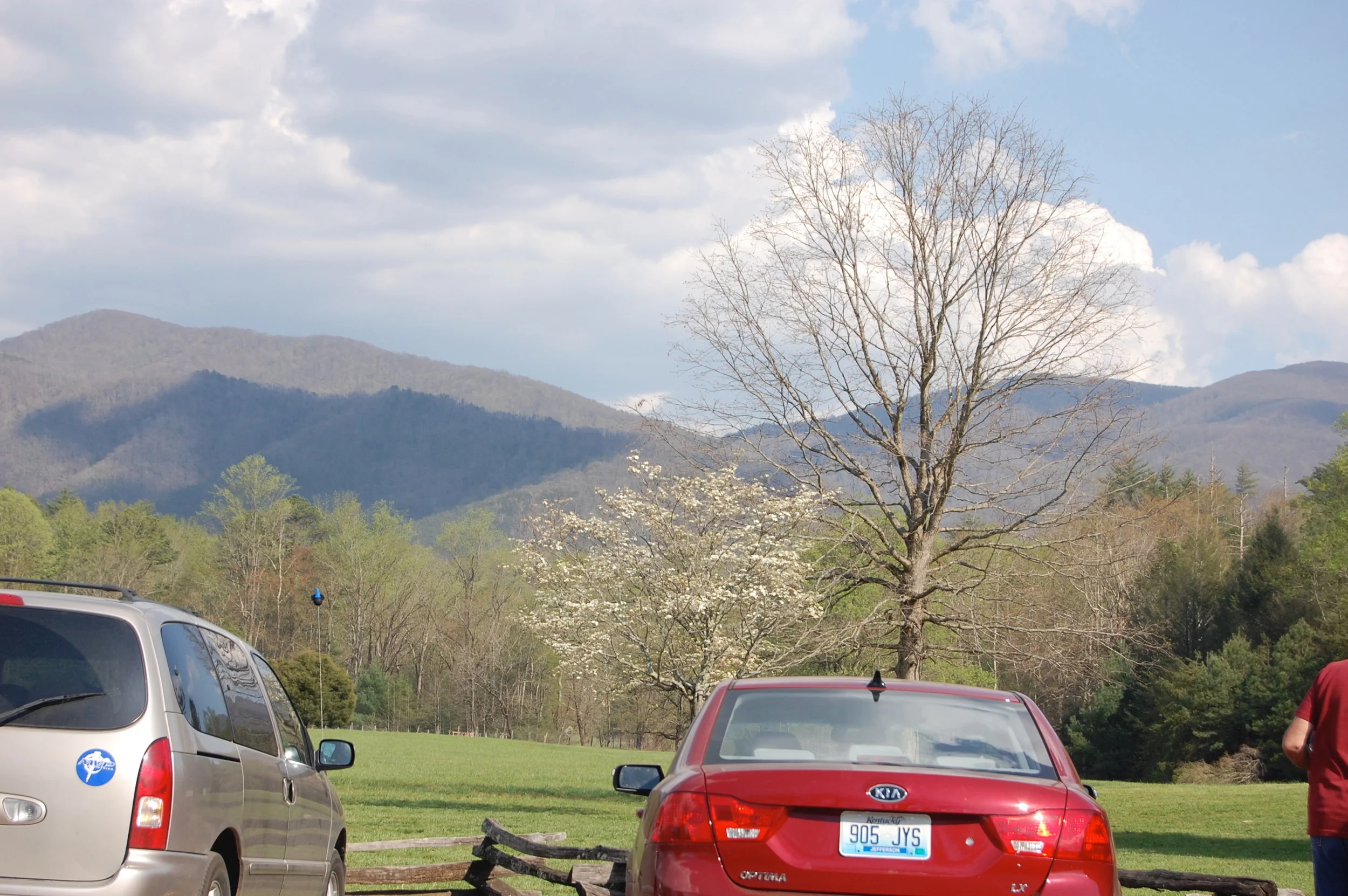 DSC_0178.jpg
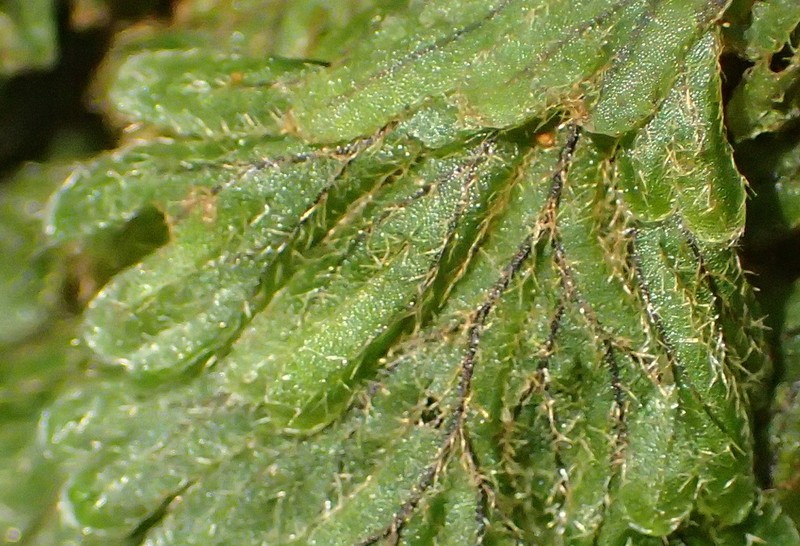 Hymenophyllum aeruginosum photo 7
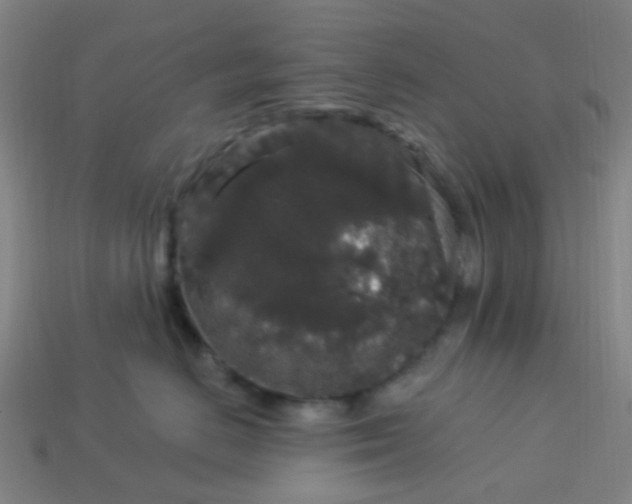 X0000114120670200910191724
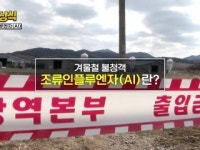 [짤막상식] 겨울철 불청객 조류인플루엔자(AI)란?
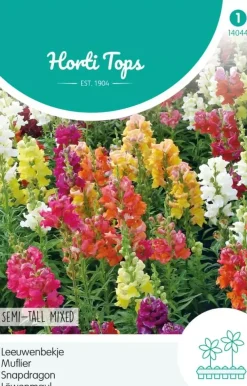 Horti tops zaden antirrhinum, leeuwenbekje half-hoge gemengd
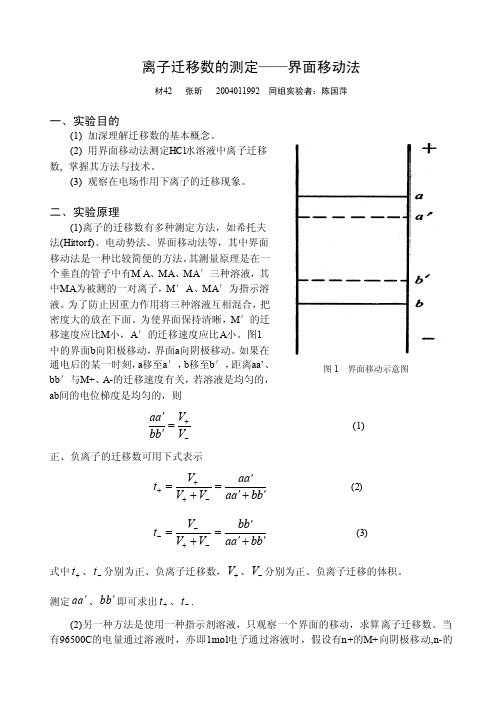 物化实验报告：离子迁移数的测定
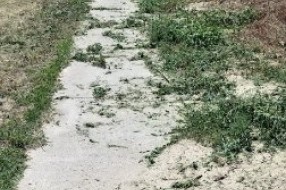Zanemareni delovi Subotice zarasli u travu i ambroziju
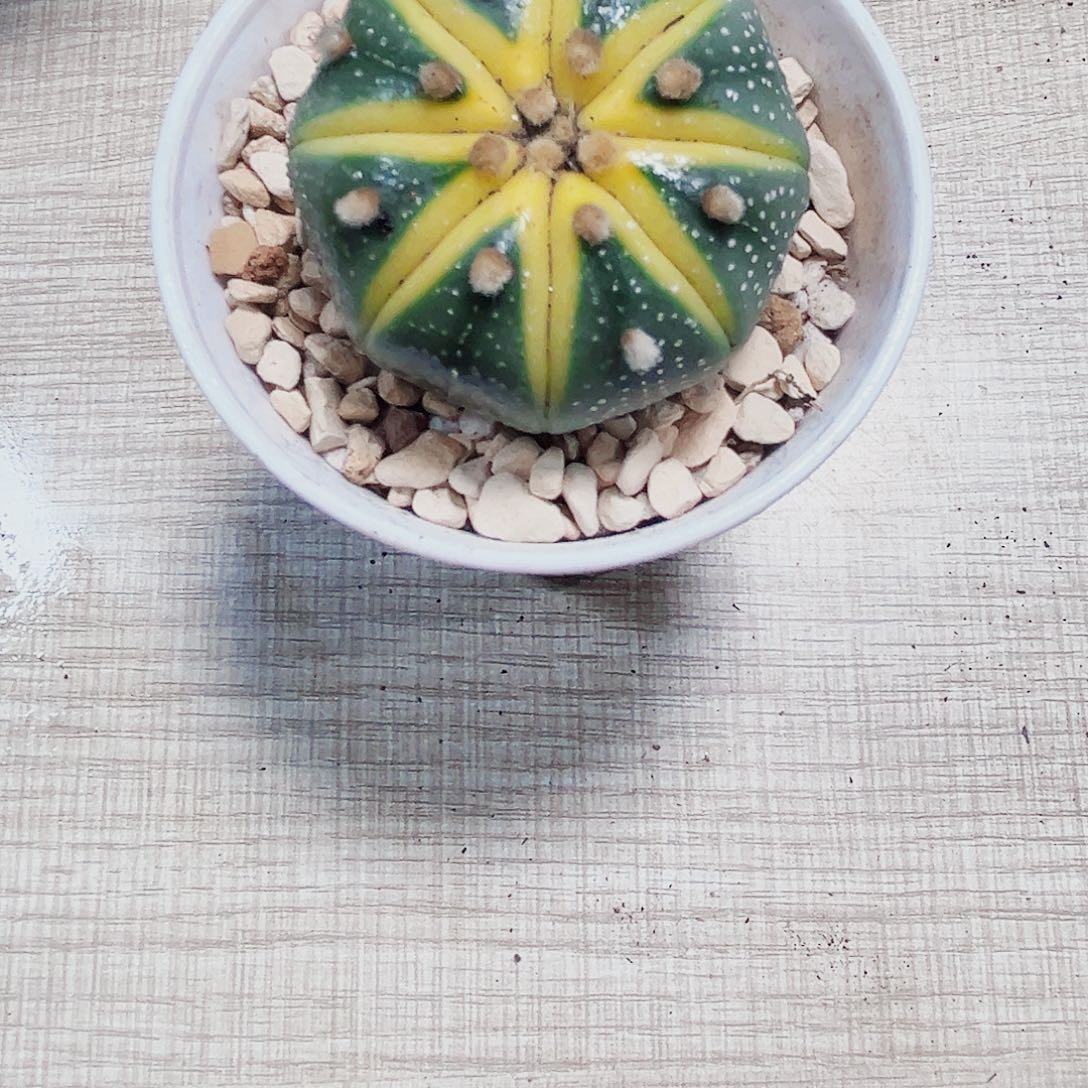 星兜锦多肉植物6666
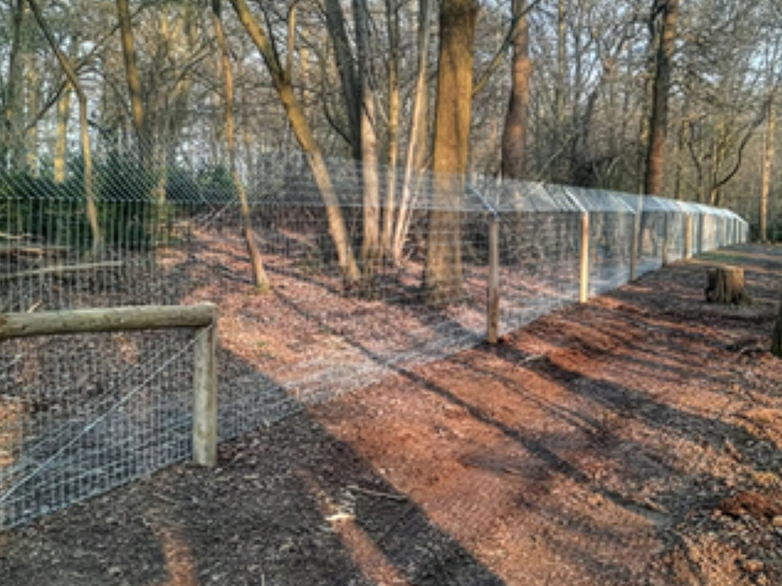 Beaver Fencing - London Rewilding Project - 3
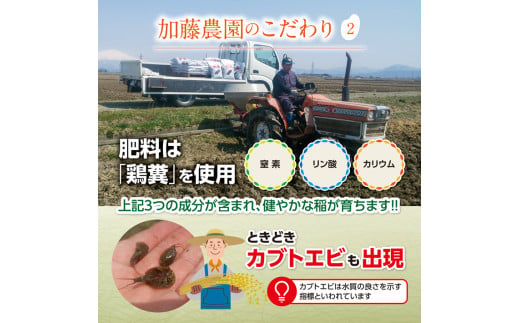 山形県酒田市のふるさと納税 SA2225　9月下旬配送／令和6年産【精米】特別栽培米 雪若丸　10kg(5kg×2袋)「農家直送」 KA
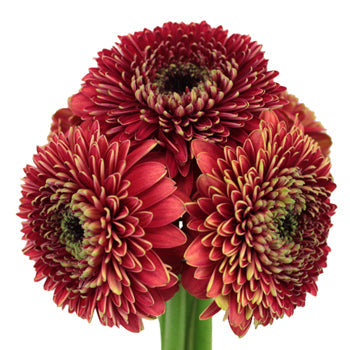 Crimson Rust Gerrondo Gerbera Daisies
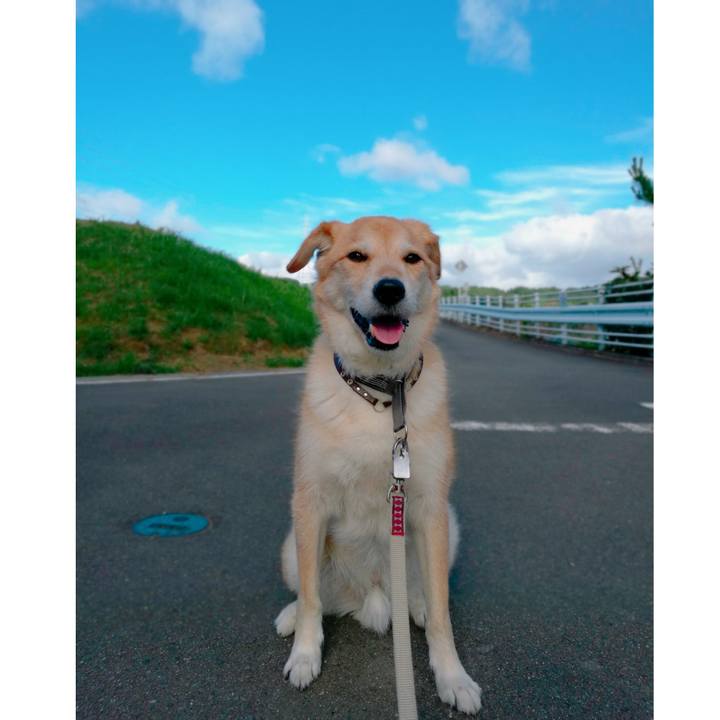 8c6fab6e c72f 4d74 a025 536029e76a0b 1530225407825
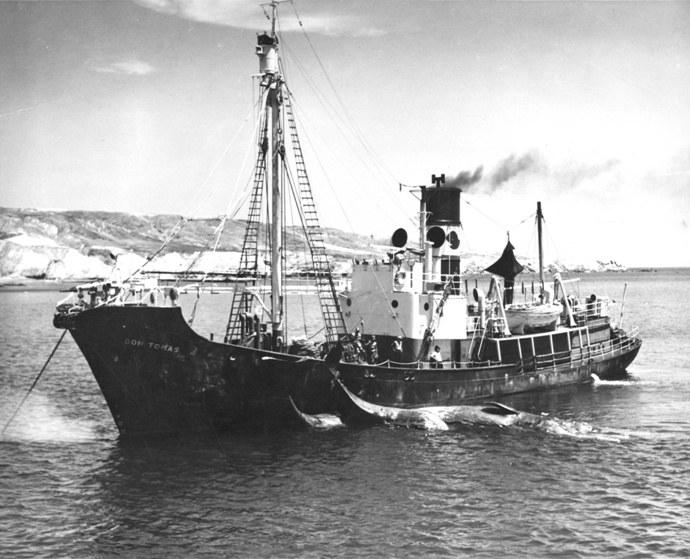 SFJ00219410520001 HAUK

───

=== WHAT THE TASK ASKS ===
Your answer must be an exact copy of the records, with every picture left out.

=== SOLVED EXERCISE ===
 DSC_0178.jpg
 Hymenophyllum aeruginosum photo 7
 X0000114120670200910191724
 [짤막상식] 겨울철 불청객 조류인플루엔자(AI)란?
 Horti tops zaden antirrhinum, leeuwenbekje half-hoge gemengd
 物化实验报告：离子迁移数的测定
Zanemareni delovi Subotice zarasli u travu i ambroziju
 星兜锦多肉植物6666
 Beaver Fencing - London Rewilding Project - 3
 山形県酒田市のふるさと納税 SA2225　9月下旬配送／令和6年産【精米】特別栽培米 雪若丸　10kg(5kg×2袋)「農家直送」 KA
 Crimson Rust Gerrondo Gerbera Daisies
 8c6fab6e c72f 4d74 a025 536029e76a0b 1530225407825
 SFJ00219410520001 HAUK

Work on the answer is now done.